He quickly sat down at the dressing table, his head in a whirl. His own face stared back at him from the mirror, flushed and wide-eyed and gleaming with sweat. It wasn’t as familiar as it could have been, because Philo didn’t have a mirror of his own. He usually caught glimpses of himself in shop windows – and every time he did, he was disappointed. There was always a spot on his chin or a smudge of soot on his jaw. His cheeks weren’t pink enough. His nose was too long. His eyes were set too far apart.

  Gingerly he reached for the jar of ivory black and gave himself a big bruise over his left eye. Then he fished around in a box of mouse-skin eyebrows, until he found a pair that pleased him. They were thick and dark and heavy, and he stuck them to his face with gum.

  He was trying to give himself a drunkard’s nose, using equal parts carmine and burnt cork, when Mrs Cowley emerged from behind the screen. She had returned to her usual trim shape, and wore a yellow sack-back gown over a quilted petticoat. Her skin was now as white as a swan’s feather, though her hair was still a mess.

  ‘Lud!’ she exclaimed. ‘What a frightening object!’ As Philo jumped to his feet, blushing furiously, she added, ‘Nay, my dear, you’ve done very well. I particularly admire the black eye, though when you next assay such a sham, you should employ just a dab of grease on the blueish portions. Examine any such injury and you will see a definite sheen to it, like silk. Now …’ She moved over to Philo and placed a hand on his spine. ‘Let us address the matter of your back and shoulders. Then we will proceed to your gait, which is of prime importance. But to master your legs, you must first learn how your back controls them …’

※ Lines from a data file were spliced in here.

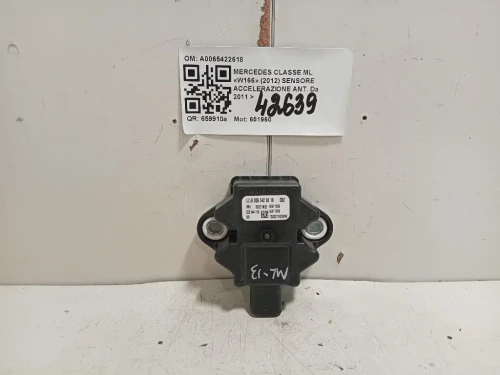 Sensore Accelerazione ANT A0065422618 Mercedes Classe ML W166 2012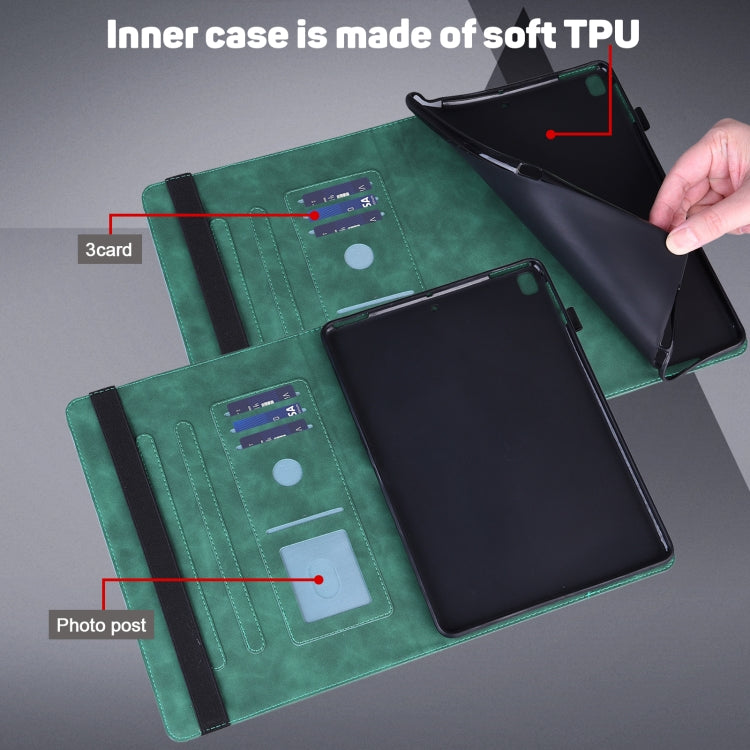 For Honor Pad X9 Peacock Embossed Pattern Leather Tablet Case(Green) - Honor by PMC TechLife | Online Shopping South Africa | PMC TechLife | Buy Now Pay Later Mobicred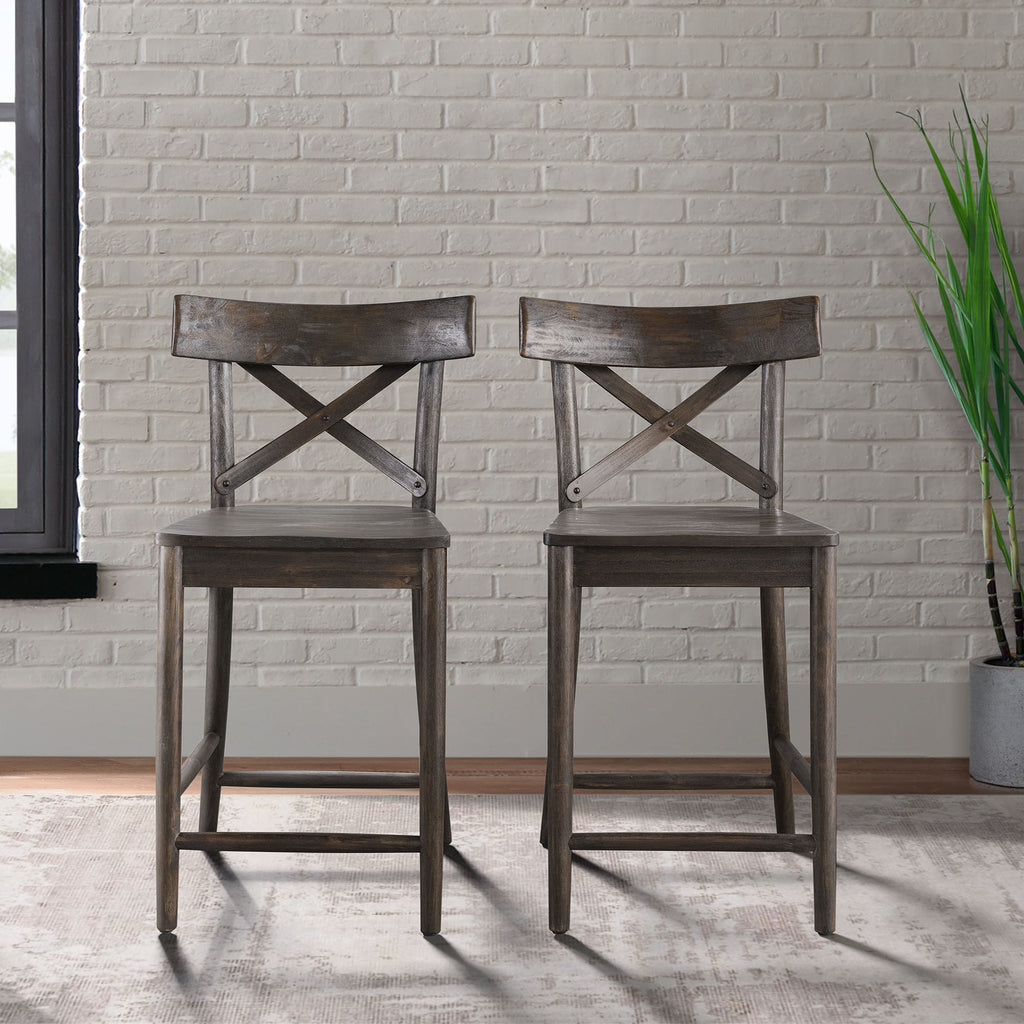 (D210-22C)-Coronado--24''-Counter-Stool--Chocolate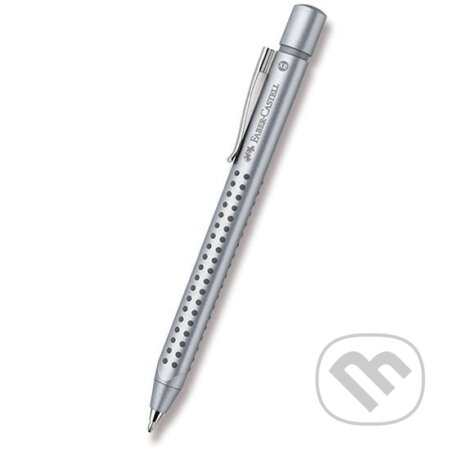 Kuličkové pero Grip 2011 - stříbrné (Faber-Castell). Faber-Castell, 2020 Kuličkové pero Grip 2011 - stříbrné (Faber-Castell). Faber-Castell, 2020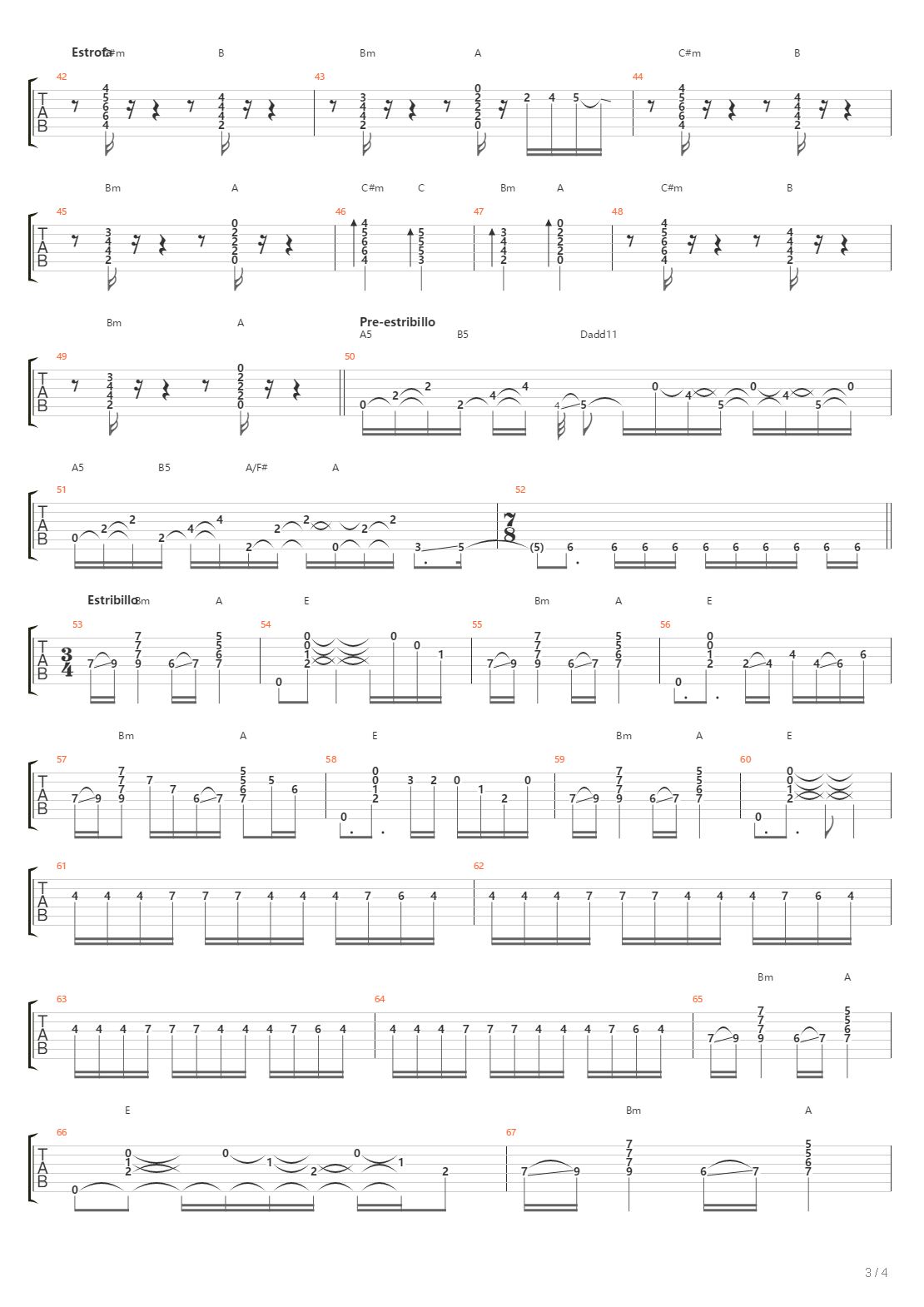 Calma吉他谱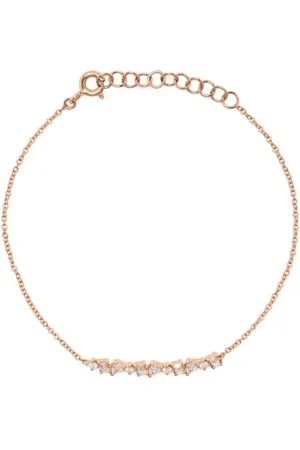 EF Collection 14kt Rotgoldarmband mit Diamanten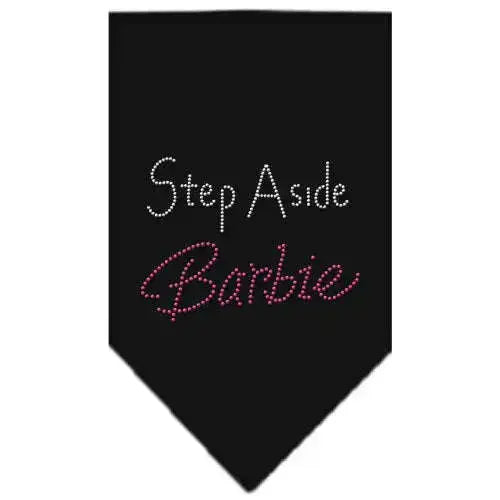 Step-Aside-Barbie-Rhinestone-Bandana-Black-Large-GreatEagleInc-318973593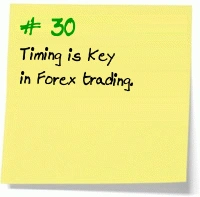 30. Timing is key in Forex trading.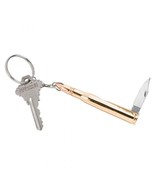 Personalized Bullet Brass Color Keychain with Pen Knife - $20.15 CAD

  For the next three hours, Philo was dragged about like a bolster. He was made to walk hobbled. He was made to dance while keeping a book balanced on his head. He had to do all kinds of things with a wooden stick strapped to his back – kneel, bow, serve tea, open doors. Mrs Cowley tickled him. She slapped him. She pretended to be an army colonel, and berated Philo, who was pretending to be a drummer boy. She showed him various items of clothing – a hat, a coat, an apron, a shawl – and told him to imagine their owners. When he couldn’t do that well enough, she peppered him with questions that drew more details out of him. So this shawl belonged to a middle-aged chandler’s widow? Well and good. But was she married? Was she in good health? Did she have children? Were they in good health?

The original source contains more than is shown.